- WORK ITEM
Output exactly the first line of the listing and each line after it, through the line that contains "Tuinbank – Tuinbankjes"; add nothing else.

+ + + + + + +

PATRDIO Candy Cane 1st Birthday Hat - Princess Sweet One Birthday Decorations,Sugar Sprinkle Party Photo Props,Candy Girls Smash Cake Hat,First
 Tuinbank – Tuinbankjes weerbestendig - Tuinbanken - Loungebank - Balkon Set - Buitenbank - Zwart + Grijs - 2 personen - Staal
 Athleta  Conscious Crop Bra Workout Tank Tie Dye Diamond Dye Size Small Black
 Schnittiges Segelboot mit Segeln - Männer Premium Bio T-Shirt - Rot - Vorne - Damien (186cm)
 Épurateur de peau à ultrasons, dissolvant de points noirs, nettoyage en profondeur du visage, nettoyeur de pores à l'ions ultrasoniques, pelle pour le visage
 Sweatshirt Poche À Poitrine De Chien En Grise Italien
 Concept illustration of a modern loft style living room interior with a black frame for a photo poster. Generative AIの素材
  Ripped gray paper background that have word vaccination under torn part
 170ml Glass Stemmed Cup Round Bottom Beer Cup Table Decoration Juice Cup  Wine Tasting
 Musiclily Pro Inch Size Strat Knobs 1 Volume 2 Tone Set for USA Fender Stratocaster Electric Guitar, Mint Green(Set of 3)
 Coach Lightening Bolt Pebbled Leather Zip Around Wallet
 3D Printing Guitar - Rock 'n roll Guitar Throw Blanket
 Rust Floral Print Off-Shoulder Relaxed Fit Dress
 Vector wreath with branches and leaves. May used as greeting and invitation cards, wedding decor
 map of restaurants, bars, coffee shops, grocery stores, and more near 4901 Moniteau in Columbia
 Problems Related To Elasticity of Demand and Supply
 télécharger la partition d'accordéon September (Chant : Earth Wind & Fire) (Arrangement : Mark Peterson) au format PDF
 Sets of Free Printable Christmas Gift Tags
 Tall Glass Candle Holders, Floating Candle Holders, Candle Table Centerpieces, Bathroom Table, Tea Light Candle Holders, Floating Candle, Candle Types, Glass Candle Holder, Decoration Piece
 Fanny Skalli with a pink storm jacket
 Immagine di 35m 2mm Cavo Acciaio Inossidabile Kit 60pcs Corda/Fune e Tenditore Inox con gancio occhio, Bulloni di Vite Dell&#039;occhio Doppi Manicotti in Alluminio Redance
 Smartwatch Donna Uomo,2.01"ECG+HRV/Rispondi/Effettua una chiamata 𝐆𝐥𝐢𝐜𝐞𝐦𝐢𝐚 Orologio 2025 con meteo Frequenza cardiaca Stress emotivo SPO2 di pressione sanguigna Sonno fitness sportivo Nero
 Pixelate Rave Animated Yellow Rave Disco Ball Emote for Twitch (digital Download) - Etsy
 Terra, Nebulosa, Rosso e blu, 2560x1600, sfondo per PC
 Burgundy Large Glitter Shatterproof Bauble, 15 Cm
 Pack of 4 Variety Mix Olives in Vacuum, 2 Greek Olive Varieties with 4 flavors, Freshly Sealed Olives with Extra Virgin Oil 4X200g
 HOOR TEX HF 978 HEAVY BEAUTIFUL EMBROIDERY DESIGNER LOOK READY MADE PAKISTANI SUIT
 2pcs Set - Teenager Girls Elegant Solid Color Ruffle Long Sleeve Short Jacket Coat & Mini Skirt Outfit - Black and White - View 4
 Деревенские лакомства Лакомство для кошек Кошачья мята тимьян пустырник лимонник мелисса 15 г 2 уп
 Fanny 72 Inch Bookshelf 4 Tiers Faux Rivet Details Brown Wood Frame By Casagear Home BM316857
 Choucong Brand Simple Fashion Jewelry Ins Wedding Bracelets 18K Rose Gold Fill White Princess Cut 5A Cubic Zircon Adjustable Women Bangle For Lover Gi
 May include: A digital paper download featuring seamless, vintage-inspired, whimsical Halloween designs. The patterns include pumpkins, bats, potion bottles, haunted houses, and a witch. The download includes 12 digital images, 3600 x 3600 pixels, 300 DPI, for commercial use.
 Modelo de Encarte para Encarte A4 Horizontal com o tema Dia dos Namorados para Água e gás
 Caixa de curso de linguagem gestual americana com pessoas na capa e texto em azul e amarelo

+ + + + + + +

- YOUR RESPONSE
PATRDIO Candy Cane 1st Birthday Hat - Princess Sweet One Birthday Decorations,Sugar Sprinkle Party Photo Props,Candy Girls Smash Cake Hat,First
 Tuinbank – Tuinbankjes weerbestendig - Tuinbanken - Loungebank - Balkon Set - Buitenbank - Zwart + Grijs - 2 personen - Staal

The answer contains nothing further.